Rank and 888 had wanted to join up with William Hill to create Britain’s largest multi-channel gambling operator by revenue and profit, with 92 percent of its business from regulated markets.
But the two companies said in a joint statement on Thursday they had not been able to meaningfully engage with William Hill’s board and did not intend making an offer.
Gambling faces higher taxes and tighter regulation, and a series of mergers has intensified competition as firms market themselves to younger sports fans betting via mobile apps.
Rank and 888 had estimated that the three-way deal would result in savings of 100 million pounds a year from lower third-party fees and reduced IT spending.
However, William Hill spurned the consortium’s initial 3.16 billion-pound cash-and-shares proposal, saying it substantially undervalued the business.
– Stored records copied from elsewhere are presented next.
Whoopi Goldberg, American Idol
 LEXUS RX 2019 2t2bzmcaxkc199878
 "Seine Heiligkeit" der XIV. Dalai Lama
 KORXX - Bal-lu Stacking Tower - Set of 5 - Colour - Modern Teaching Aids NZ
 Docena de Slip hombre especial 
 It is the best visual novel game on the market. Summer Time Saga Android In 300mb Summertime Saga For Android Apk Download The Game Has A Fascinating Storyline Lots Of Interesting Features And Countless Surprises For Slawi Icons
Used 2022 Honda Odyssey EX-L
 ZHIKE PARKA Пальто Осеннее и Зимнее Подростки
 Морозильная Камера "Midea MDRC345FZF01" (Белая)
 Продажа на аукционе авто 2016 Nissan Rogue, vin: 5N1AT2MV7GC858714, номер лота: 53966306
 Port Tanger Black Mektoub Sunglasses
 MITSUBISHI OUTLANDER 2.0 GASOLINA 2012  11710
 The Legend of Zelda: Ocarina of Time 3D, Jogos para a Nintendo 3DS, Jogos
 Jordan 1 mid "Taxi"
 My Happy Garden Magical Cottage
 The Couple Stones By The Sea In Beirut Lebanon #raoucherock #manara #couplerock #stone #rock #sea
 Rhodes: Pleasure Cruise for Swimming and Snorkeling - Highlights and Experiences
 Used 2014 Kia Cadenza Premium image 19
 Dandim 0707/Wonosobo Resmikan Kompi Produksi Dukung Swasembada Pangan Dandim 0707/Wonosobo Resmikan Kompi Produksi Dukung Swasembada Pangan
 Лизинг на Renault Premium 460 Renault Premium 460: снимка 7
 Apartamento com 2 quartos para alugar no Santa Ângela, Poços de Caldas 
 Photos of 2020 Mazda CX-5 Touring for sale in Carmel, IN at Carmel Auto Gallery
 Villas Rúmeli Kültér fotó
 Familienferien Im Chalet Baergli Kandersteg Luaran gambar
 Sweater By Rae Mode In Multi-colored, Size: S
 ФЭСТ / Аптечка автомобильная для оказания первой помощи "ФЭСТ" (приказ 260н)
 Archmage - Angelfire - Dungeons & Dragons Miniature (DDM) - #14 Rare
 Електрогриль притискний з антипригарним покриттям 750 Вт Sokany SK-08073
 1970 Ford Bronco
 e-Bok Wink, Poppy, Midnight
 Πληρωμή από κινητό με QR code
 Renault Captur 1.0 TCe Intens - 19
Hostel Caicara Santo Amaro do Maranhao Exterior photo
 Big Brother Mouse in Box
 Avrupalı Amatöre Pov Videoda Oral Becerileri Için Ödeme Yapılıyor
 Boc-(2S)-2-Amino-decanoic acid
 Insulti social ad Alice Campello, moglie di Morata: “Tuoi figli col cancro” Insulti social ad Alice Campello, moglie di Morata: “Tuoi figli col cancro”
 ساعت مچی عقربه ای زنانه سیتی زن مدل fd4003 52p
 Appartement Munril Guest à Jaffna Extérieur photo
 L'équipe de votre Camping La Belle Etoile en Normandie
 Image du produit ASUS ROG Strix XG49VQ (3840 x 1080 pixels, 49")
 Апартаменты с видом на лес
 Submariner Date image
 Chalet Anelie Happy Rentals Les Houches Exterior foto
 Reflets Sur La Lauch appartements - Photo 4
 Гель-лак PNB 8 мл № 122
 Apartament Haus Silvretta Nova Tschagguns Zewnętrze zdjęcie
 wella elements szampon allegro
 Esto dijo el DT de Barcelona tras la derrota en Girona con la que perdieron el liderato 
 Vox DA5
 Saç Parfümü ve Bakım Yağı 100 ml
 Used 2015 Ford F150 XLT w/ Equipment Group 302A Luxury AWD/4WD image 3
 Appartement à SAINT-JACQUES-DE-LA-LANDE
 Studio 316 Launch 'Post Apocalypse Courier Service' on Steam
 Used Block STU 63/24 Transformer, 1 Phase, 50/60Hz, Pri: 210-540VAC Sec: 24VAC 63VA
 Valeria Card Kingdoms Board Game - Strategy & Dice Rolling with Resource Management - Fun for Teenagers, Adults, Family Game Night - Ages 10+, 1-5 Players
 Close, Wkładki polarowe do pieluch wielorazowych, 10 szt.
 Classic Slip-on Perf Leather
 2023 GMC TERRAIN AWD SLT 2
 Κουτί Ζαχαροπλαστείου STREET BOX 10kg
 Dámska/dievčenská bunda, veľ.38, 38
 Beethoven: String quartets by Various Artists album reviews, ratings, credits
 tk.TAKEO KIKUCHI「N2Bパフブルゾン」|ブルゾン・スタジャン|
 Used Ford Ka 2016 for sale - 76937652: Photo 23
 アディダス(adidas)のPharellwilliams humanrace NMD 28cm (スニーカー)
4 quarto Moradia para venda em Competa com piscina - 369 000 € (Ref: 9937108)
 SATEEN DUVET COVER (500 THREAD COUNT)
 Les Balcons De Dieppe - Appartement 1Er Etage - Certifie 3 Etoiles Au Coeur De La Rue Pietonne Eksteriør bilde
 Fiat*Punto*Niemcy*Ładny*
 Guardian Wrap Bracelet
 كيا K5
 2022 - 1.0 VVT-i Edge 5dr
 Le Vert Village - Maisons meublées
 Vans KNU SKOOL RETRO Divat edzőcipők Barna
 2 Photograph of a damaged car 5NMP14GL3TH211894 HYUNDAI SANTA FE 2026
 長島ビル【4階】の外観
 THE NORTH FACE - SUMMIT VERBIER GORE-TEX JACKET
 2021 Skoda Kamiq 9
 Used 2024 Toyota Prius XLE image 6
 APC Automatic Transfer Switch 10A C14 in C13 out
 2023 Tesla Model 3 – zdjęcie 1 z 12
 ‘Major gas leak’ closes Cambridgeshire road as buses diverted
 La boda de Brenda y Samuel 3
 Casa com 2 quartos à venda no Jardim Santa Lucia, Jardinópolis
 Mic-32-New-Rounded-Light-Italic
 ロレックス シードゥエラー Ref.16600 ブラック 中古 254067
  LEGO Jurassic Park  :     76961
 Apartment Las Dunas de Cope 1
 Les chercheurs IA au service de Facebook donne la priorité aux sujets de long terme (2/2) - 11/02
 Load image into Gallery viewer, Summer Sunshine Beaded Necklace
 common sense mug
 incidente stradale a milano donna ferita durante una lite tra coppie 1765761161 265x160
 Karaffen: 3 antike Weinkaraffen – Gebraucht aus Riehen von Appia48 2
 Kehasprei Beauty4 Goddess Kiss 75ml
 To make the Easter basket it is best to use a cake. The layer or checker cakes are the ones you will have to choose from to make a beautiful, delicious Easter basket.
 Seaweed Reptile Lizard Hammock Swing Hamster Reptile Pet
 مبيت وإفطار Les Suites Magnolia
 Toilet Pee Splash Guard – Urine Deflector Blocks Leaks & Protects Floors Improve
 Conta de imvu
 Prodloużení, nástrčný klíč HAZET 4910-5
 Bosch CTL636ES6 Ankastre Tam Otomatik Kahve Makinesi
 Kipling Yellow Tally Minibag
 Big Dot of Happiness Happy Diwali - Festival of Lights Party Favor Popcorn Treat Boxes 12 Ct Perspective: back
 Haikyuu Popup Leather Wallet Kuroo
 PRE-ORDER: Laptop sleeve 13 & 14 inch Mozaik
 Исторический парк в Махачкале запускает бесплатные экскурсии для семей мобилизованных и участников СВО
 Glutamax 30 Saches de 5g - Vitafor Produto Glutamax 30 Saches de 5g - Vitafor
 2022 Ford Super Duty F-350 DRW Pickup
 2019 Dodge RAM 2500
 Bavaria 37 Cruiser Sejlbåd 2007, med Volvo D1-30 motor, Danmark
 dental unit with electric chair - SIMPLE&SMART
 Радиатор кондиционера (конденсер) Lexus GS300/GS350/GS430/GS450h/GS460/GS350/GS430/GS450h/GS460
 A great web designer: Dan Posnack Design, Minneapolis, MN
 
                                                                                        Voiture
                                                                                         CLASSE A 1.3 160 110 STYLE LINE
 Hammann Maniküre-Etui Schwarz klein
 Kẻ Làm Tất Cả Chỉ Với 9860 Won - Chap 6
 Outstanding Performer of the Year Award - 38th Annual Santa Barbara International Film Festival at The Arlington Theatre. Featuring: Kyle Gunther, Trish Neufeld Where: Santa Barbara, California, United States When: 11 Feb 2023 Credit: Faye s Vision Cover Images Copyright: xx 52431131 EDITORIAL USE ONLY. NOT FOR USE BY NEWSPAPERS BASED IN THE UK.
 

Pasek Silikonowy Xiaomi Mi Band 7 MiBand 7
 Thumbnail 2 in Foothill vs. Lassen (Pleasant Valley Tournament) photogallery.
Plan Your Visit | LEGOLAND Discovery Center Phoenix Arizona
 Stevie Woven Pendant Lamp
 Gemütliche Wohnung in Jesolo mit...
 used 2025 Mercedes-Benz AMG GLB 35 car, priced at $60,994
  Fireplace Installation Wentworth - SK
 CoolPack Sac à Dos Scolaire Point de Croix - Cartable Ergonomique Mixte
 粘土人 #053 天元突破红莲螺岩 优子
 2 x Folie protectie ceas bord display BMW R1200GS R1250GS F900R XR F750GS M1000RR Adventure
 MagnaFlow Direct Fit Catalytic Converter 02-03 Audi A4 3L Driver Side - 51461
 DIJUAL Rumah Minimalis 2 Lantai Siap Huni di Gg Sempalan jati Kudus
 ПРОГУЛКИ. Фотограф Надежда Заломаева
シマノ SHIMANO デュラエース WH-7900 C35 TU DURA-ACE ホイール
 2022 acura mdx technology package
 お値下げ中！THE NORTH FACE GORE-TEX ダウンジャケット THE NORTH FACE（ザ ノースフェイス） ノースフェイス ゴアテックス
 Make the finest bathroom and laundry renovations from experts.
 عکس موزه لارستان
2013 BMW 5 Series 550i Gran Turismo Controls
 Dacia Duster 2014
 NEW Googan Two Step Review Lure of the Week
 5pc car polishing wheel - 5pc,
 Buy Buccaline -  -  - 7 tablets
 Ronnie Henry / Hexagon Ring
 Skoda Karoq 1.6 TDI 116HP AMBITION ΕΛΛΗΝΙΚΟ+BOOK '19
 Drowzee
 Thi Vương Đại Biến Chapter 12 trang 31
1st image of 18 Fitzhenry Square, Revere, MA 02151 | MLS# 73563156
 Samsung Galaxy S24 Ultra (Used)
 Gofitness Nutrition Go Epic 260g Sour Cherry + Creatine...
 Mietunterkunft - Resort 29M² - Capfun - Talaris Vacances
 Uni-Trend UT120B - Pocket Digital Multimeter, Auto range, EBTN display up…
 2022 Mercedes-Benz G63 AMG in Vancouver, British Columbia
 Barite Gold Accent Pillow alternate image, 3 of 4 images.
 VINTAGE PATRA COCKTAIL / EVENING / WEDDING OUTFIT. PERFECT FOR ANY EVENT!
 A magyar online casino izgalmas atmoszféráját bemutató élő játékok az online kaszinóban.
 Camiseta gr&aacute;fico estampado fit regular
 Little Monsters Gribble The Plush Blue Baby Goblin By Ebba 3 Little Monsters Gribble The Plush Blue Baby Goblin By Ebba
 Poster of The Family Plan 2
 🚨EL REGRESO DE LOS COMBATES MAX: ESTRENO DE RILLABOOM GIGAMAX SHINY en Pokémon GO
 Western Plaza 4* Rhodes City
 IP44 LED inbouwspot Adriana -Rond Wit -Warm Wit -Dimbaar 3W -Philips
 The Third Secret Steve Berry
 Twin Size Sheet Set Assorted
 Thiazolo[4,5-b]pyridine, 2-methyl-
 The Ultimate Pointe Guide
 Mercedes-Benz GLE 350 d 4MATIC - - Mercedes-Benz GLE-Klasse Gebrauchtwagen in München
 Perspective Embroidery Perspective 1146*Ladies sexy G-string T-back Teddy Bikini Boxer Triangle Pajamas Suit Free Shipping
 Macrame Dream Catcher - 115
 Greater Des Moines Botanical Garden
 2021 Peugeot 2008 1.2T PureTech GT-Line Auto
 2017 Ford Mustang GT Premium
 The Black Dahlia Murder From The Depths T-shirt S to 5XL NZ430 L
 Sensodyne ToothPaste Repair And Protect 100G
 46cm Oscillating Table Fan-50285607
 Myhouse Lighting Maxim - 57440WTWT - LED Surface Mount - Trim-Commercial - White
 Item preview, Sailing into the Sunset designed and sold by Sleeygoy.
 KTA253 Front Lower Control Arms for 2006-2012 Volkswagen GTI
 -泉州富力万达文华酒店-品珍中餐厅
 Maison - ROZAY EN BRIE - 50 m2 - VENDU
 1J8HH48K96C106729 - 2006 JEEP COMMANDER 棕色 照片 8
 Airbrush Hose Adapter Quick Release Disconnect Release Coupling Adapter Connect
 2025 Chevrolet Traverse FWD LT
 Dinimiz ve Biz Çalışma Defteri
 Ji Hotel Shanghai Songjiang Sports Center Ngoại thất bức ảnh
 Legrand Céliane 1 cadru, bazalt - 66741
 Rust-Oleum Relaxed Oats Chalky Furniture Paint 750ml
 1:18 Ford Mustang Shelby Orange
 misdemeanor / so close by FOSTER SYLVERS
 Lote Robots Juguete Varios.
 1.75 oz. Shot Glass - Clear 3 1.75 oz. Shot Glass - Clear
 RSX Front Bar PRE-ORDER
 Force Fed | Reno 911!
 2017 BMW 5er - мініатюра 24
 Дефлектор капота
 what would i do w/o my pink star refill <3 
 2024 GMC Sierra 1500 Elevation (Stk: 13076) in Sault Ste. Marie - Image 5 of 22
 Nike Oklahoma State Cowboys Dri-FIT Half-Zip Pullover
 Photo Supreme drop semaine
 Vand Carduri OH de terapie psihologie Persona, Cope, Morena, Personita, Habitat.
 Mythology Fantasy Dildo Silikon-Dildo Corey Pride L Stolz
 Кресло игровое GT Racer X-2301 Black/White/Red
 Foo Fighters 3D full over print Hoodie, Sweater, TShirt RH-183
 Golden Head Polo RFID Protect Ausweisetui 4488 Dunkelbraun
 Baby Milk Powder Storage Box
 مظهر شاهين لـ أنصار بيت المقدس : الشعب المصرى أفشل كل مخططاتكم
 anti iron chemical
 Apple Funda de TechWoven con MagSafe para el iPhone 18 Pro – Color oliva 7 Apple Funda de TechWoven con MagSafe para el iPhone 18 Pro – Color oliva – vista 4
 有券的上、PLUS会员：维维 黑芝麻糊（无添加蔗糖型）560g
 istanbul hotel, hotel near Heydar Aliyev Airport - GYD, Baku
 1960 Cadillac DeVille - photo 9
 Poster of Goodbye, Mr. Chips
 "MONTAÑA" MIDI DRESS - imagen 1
It rejected a revised takeover proposal on Monday, saying it continued to see no merit in engaging with the consortium.
Britain’s biggest bookmaker at the start of 2015, William Hill is set to lose its leading market position in the gambling sector as rival Ladbrokes Plc overtakes it in number of betting shops when it merges with Gala Coral later this year.
William Hill was quick to embrace Britons’ changing gambling habits, such as placing bets online using smartphones and tablets, often “in play” while watching sport like soccer on TV, but its lead has vanished as its apps failed to retain punters.
The company sacked its chief executive in July and earlier this month reported a 16 percent fall in first-half operating profit.
On Thursday, William Hill noted the consortium’s decision and said it had a clear plan to grow by diversifying digitally and internationally.
It also said it expects operating profit for 2016 to be at the top end of its previous forecast of 260 million to 280 million pounds, citing a better than expected Euro 2016 outturn and stronger growth in gaming machine net revenue.
Shares in William Hill closed down 1.5 percent at 303.1 pence on the London Stock Exchange. 888’s shares closed up 2.37 percent at 205 pence, while Rank Group’s shares closed down about 1 percent at 221.6 pence.